Set every record down verbatim and omit the pictures.

[Captioned web images]

+ + + + + + +

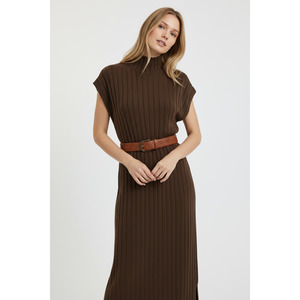 Vestido Largo de Punto sin Mangas con Cuello Alto para Mujer, Diseño Moderno a Rayas, Estilo Casual - Product Image 3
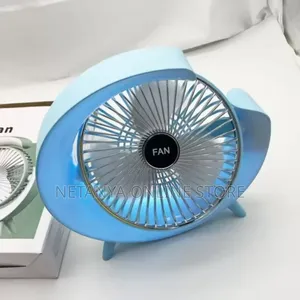 Rechargeable Mini Desk Fan With Led Light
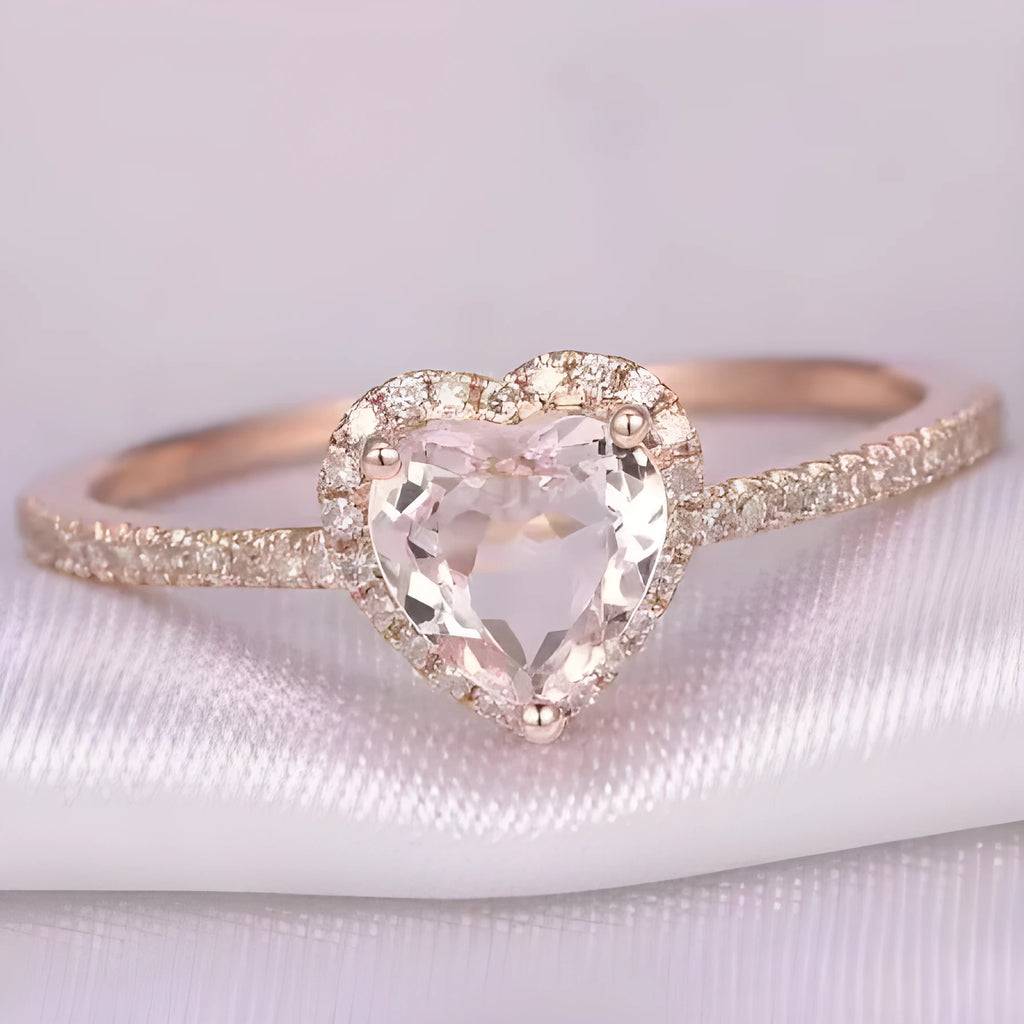 Heart-shaped crystal wedding ring with electroplated rose gold or silver finish on white copper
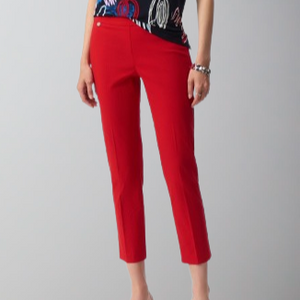 Joseph Ribkoff Textured Jacquard Crop Pull-On Pants-Radiant Red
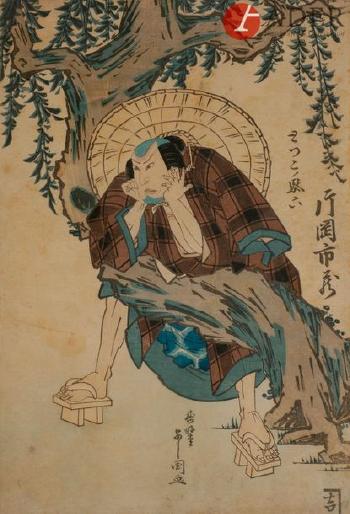 Deux samouraï observant une femme au bord de la rivière sous les lampions; Acteur assis sous les arbres by 
																			 Hiroshige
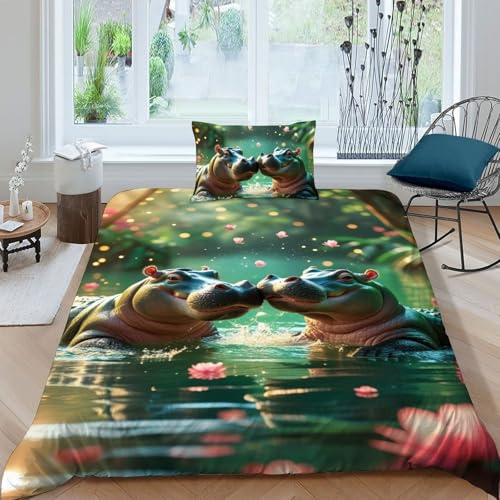 Fermeture éclair pratique sur cette housse de couette hippopotame - 3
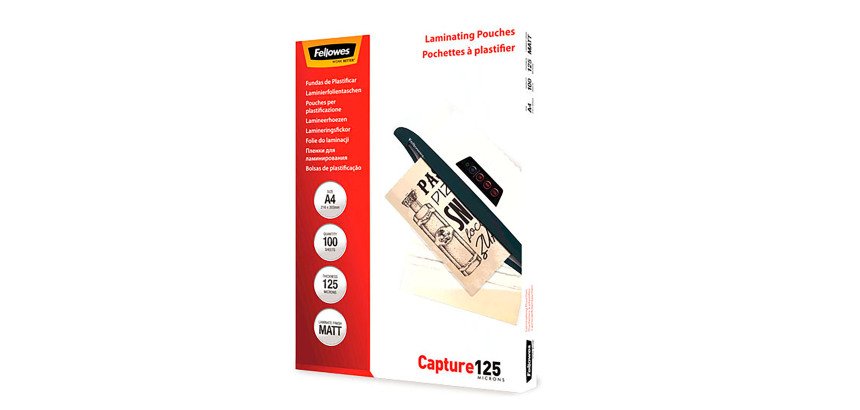 Pochettes de plastification Fellowes A5 2 x 125 µ mates - Boite de 100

+ + + + + + +

* _Written response_
 Vestido Largo de Punto sin Mangas con Cuello Alto para Mujer, Diseño Moderno a Rayas, Estilo Casual - Product Image 3
 Rechargeable Mini Desk Fan With Led Light
 Heart-shaped crystal wedding ring with electroplated rose gold or silver finish on white copper
 Joseph Ribkoff Textured Jacquard Crop Pull-On Pants-Radiant Red
 Deux samouraï observant une femme au bord de la rivière sous les lampions; Acteur assis sous les arbres by 
																			 Hiroshige
 Fermeture éclair pratique sur cette housse de couette hippopotame - 3
 Pochettes de plastification Fellowes A5 2 x 125 µ mates - Boite de 100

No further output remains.